東日本大震災で発生した大津波にのまれ、一緒にいた妻(なぜか菊池桃子!)を喪い、自宅の屋根の破片にしがみついて3日間福島沖で漂流した後、海保に救出された男(遠藤憲一)の実話をドラマ化したもの。漂流中には、福島第一原発の水素爆発を目撃する。。。

■ハリウッド映画ではたまにあったりする素材だけど、日本でこんなのドラマ化できるのはNHKくらい。映画にするには地味すぎるから。しかも漂流シーンはかなりの部分を海上ロケによっていて、スタッフもキャストも船酔いが大変だったと思う。当然ながらVFXもあり、津波のシーンもNHKなのでかなりのクオリティ。よく作ったなあと、それだけで素朴に感心する。

■主人公は何度も挫けそうになりながら、渇きに耐えかねて小水を口にまでしながら、生きようとする。
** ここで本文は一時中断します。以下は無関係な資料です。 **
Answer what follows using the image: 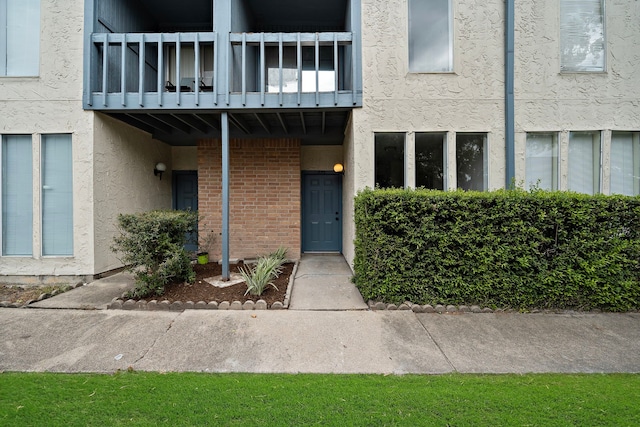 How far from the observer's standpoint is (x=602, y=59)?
5176 millimetres

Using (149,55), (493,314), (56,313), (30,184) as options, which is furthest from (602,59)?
(30,184)

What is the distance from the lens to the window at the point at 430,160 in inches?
210

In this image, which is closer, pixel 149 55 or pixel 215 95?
pixel 215 95

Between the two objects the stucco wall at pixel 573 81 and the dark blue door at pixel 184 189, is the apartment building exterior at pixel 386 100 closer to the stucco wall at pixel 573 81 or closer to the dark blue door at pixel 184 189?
the stucco wall at pixel 573 81

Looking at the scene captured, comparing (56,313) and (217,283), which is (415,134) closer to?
(217,283)

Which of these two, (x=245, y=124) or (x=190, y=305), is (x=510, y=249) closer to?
(x=190, y=305)

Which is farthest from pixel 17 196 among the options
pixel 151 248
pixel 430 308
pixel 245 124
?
pixel 430 308

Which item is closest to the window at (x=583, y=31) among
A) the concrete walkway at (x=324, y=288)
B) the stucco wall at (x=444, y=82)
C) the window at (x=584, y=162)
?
the stucco wall at (x=444, y=82)

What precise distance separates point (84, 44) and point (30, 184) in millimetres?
2884

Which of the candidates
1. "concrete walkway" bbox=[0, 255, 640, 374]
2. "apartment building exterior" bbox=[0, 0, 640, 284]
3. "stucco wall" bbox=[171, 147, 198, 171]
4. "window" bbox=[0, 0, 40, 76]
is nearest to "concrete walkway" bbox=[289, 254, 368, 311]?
"concrete walkway" bbox=[0, 255, 640, 374]

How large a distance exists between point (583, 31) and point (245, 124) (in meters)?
7.00

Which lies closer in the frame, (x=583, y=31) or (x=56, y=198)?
(x=583, y=31)

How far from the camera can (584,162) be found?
5.24 meters

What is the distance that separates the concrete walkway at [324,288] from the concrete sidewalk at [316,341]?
0.82 feet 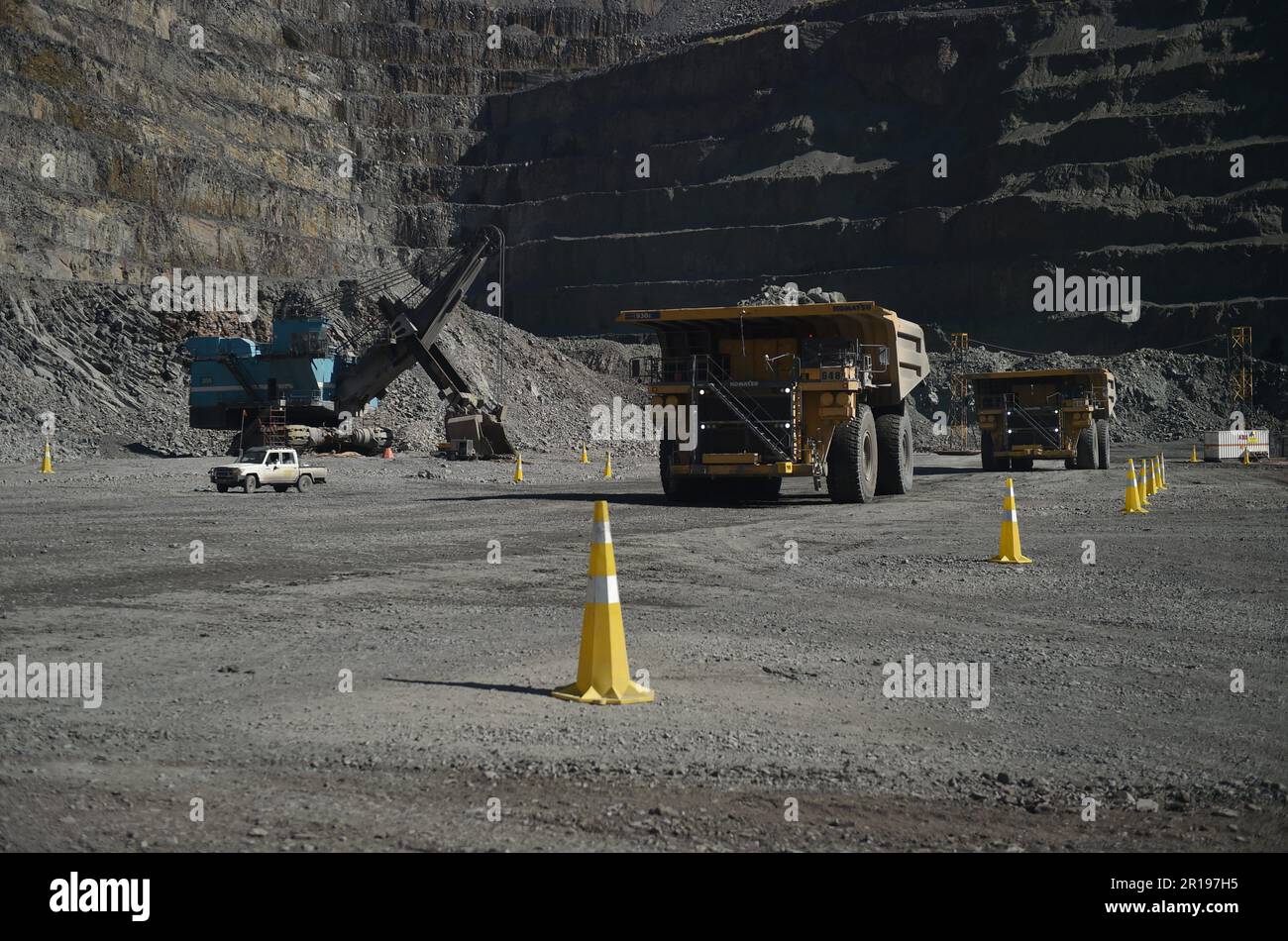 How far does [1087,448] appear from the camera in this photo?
124ft

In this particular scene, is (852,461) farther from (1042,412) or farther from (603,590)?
(1042,412)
妻は津波に流されたのに、何の因果か生き残ってしまった自分の運命を呪いながら、それでも生きていこうとする姿にテーマは集約されている。シンプルだけど、強いドラマ。

■なんで生きているのかは誰も教えてくれないけど、生きている限り、生き続けるしかない。生にしがみつき、生きようとするしかない。生きたいと強く願いながら、死んでいったもの、死に追いやられたものがたくさんいるからだ。それが人生というのものなのだ。